◆ How to complete this task ◆
Print the listing from its top line through the line containing "Vaucluse : Un cavalier", nothing more, and leave out the pictures.

◆ Provided information ◆

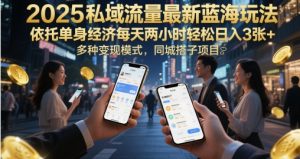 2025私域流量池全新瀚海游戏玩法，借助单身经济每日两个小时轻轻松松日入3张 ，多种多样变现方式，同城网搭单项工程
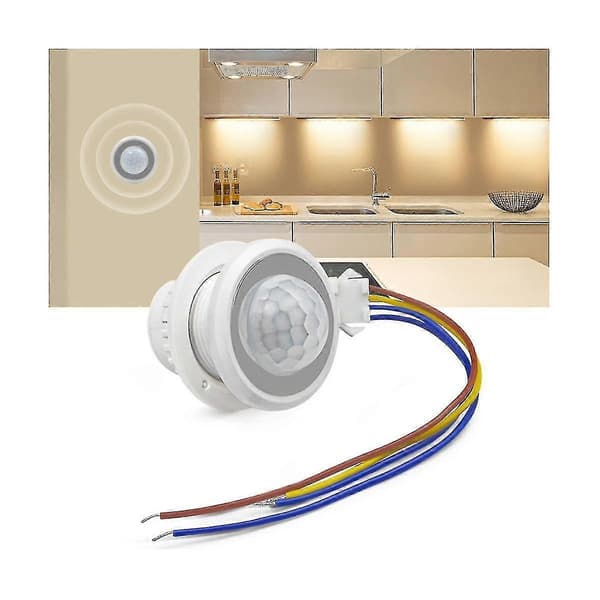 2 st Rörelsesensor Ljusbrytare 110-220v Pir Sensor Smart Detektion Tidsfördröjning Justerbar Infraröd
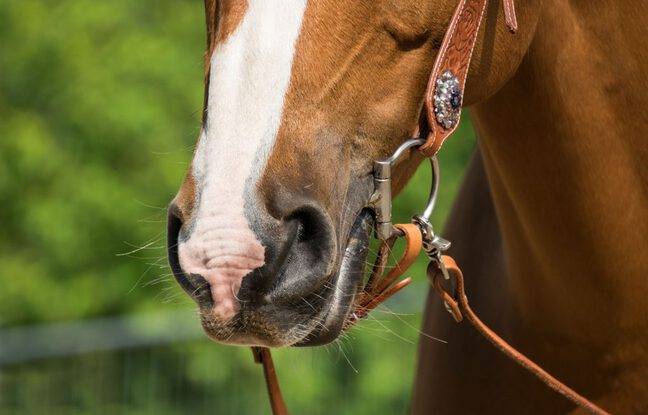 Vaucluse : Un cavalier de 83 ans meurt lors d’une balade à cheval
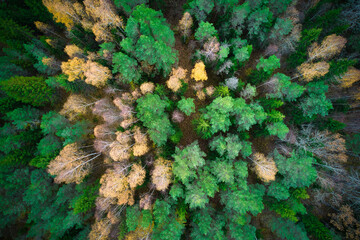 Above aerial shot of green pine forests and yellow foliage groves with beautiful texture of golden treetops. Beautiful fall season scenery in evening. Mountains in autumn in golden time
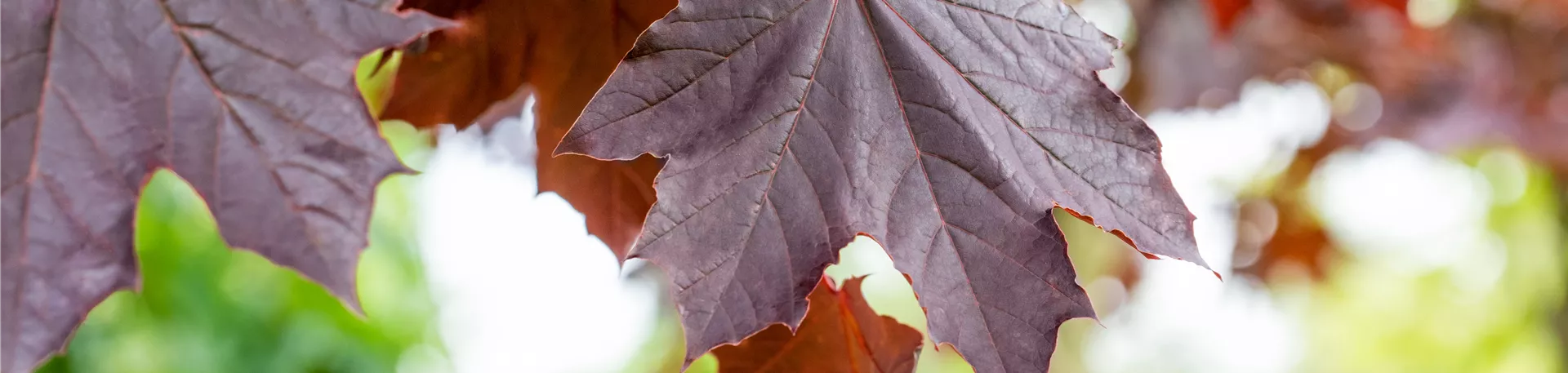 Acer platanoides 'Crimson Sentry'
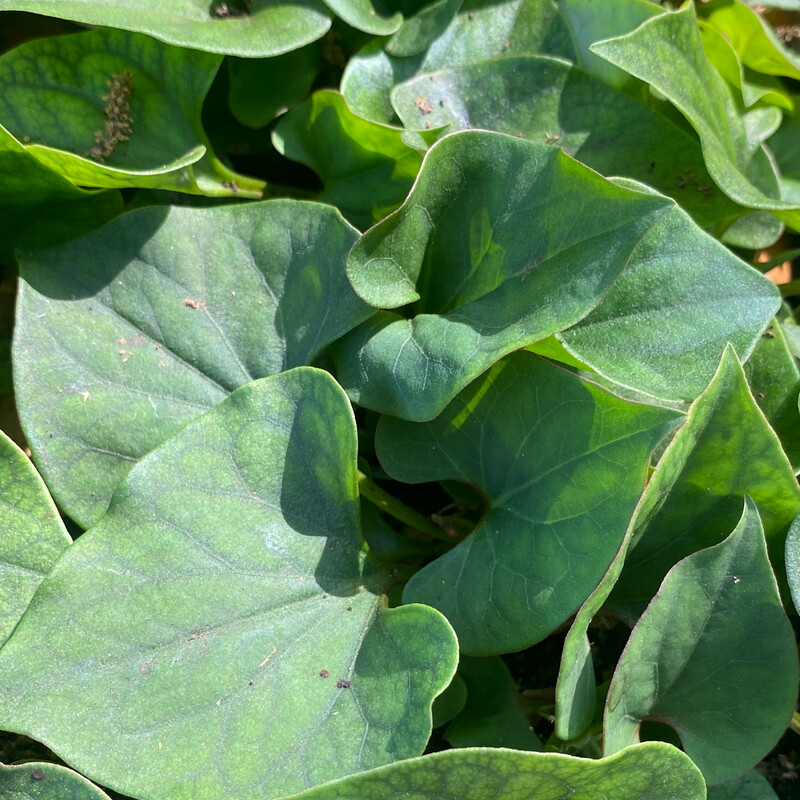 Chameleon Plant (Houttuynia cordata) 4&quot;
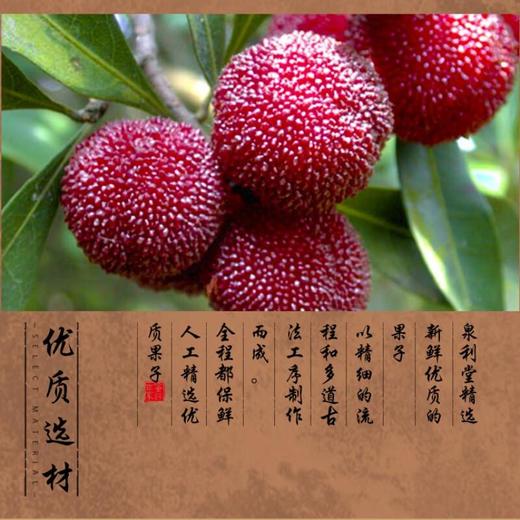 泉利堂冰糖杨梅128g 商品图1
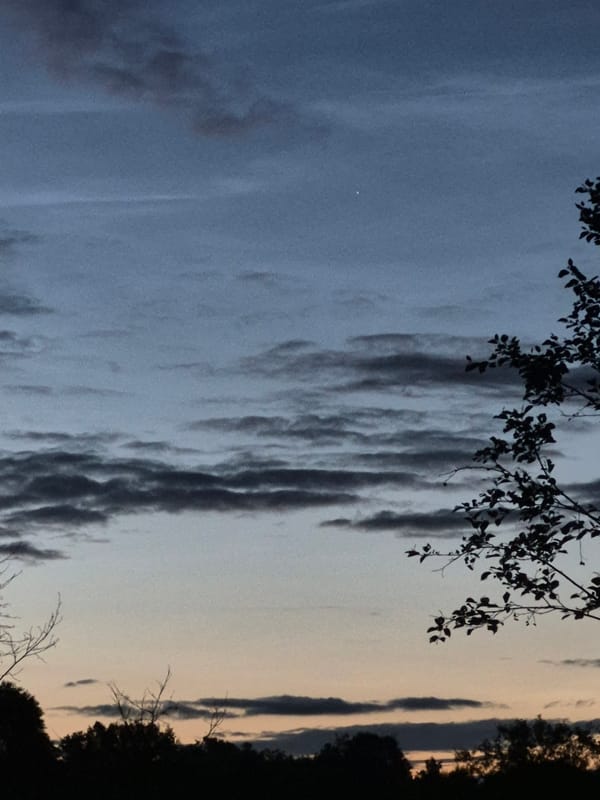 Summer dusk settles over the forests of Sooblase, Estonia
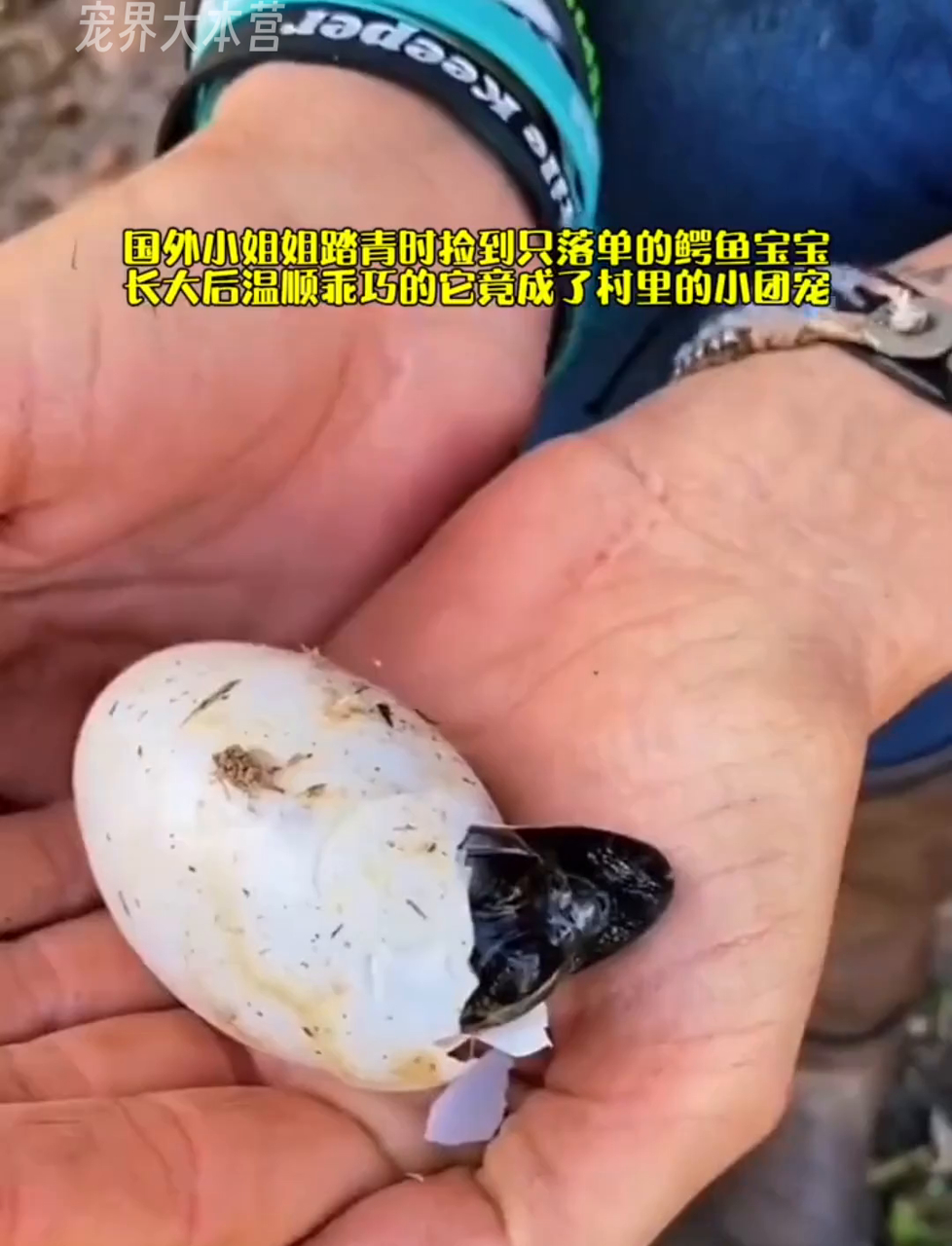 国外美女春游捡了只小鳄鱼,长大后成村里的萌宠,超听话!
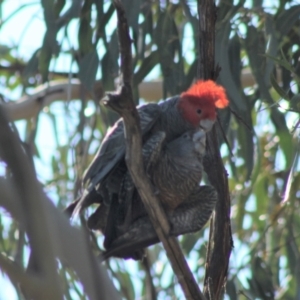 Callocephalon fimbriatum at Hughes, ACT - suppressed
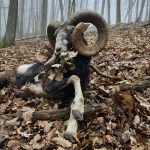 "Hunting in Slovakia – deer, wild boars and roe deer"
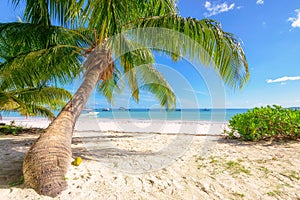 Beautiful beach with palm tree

◆ Response area ◆
 2025私域流量池全新瀚海游戏玩法，借助单身经济每日两个小时轻轻松松日入3张 ，多种多样变现方式，同城网搭单项工程
 2 st Rörelsesensor Ljusbrytare 110-220v Pir Sensor Smart Detektion Tidsfördröjning Justerbar Infraröd
 Vaucluse : Un cavalier de 83 ans meurt lors d’une balade à cheval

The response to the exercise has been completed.